11.04.2009

Ramen Noodles - Junk Food as Art


Ramen noodles seem to have a bad reputation here in America. Maligned as the food of poor college students and those seeking empty carbs, ramen is looked at merely as warm junk food. The producers of popular ramen, such as Maruchan, don’t help either when they price a block of ramen for less than 40¢ a package. Drop a Kennedy, heat some water, stir and cover. A meal in thirty seconds! As a man who grew up in Japan, however, I know that there is much more to ramen than that. Most American ramen is a disgrace to ramen as I know it.

The Japanese love their ramen. It is a ubiquitous food throughout the country - a Japanese microcosm of the global dominance of McDonald's. That means that, yes, there is the budget-quality stuff available there too, but it is referred to as “the cheap stuff” rather than just “ramen”. What the Japanese usually have in mind when they talk about ramen is the stuff that you find in restaurants. This is my mindset as well. To get good ramen, you go to a restaurant.

Every ramen noodle shop makes their ramen a little bit differently, according to the standards of the target demographic. Average prices for a decent bowl of ramen range from ¥280-¥550 ($2.50-$5), while niche ramen restaurants can charge upwards of ¥980 for a bowl. Prices, of course, also reflect ingredients used, and a good rule of thumb is that the more expensive the bowl, the more meat/higher quality meat is included. Pork is the preferred meat, and it is sliced and placed on top of the noodles. Two or three slices is common, but I have seen as many as six.

The number of different ingredients that can be added to ramen is staggering. Vegetables, seaweed, soy sauce, eggs, meat, fish products, and myriad spices are all fair game. Most common ramen offerings will have a few slices of fatty pork, seaweed, a slice or two of kamaboko (a processed seafood product), and a sliced vegetables.

As I mentioned, a factor in making good ramen is the amount/quality of the toppings ingredients. The variation in noodle texture and quality, however, also contribute to making a good ramen. Some shops hand-make their noodles, which ensures quality at the added expense to the customer. Other places just buy dried blocks of noodles and boil them. These noodles are generally stiffer and harder to chew.

The main part of the ramen that separates the good stuff from the bad, though, is the broth. High-end noodle shops guard their broth recipes like Colonel Sanders guards his herbs and spices. Drinking the broth after finishing the noodles is an integral part of ramen consumption, and is how you tell the good stuff from the ordinary stuff.

I would go so far as to say that a good bowl ramen noodles is an art form. It is junk food, yes, but it is also art. Don’t believe me? Well, America has an equivalent junk-food-turned-art: the barbecue. Thousands of cooks all across the States slave over making the best-tasting sauce to slather onto fatty meats. Sure Arby’s makes a BBQ Roast Beef, but if you wanted a foreigner to get a good taste of “American barbecue,” you would send them to your secret local hole-in-the-wall joint, or maybe to a respected restaurant like Damon’s Grill. They might as well get the good stuff.

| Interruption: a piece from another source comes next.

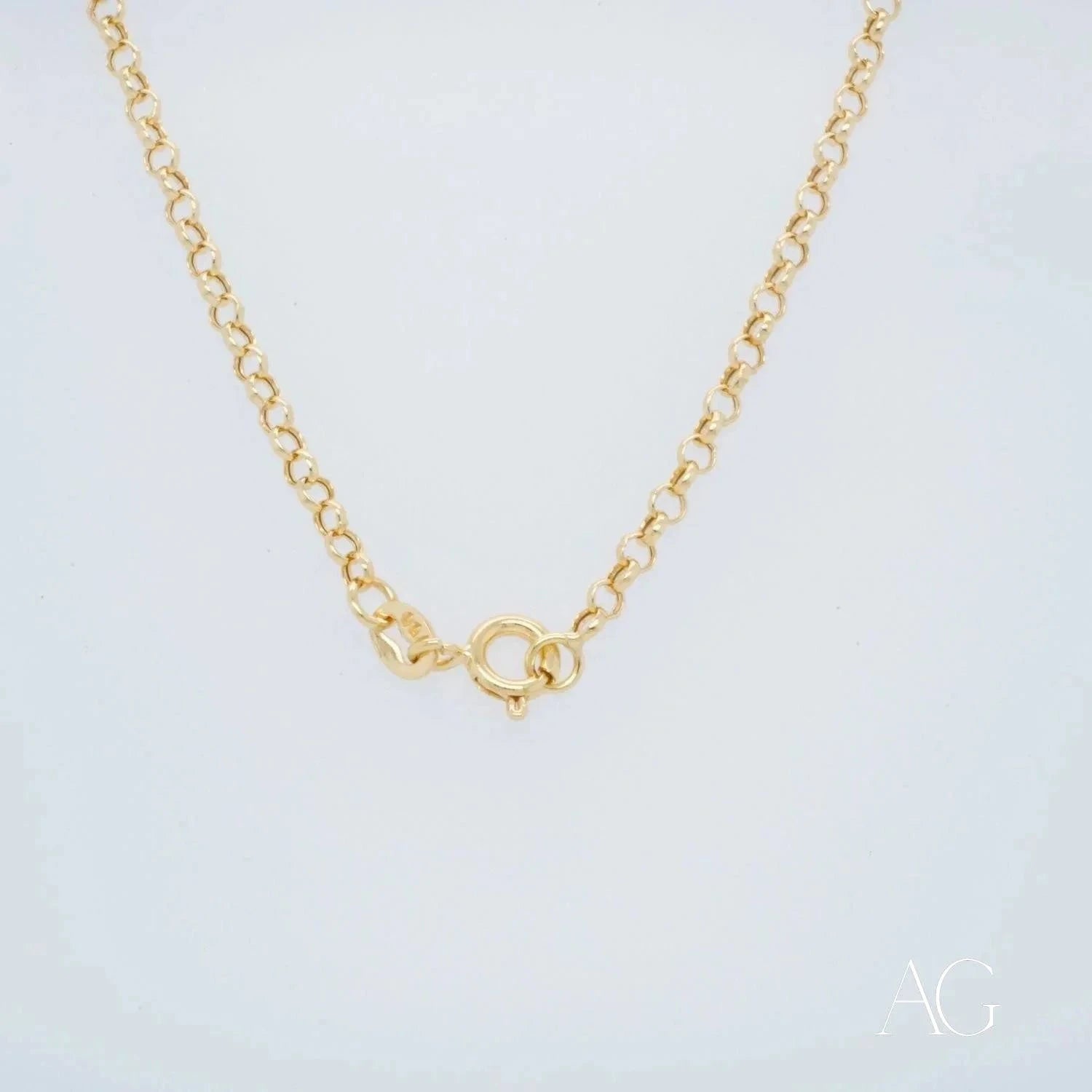Gold chain necklace with circular clasp for 18k Gold Heart Charm Anklet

And just like there are BBQ fanatics, there are ramen otaku. One of my high school youth group leaders was one - a guy who traveled all over Tokyo in search of good ramen restaurants. That was what he enjoyed doing, and he wouldn’t hesitate to steer you in the direction of a good ramen shop if you were looking for food in the area.

One nation’s junk food is another one’s passion. Just like American chefs pour time and effort into their BBQ creations, so do the Japanese into their ramen dishes. Ramen is more than just a cheap college food, it is an honored national staple. There may not be many ramen restaurants here in America, but I think the arty-junk-food spirit is vibrant here, and it causes me to smile every time I pass a barbecue stand.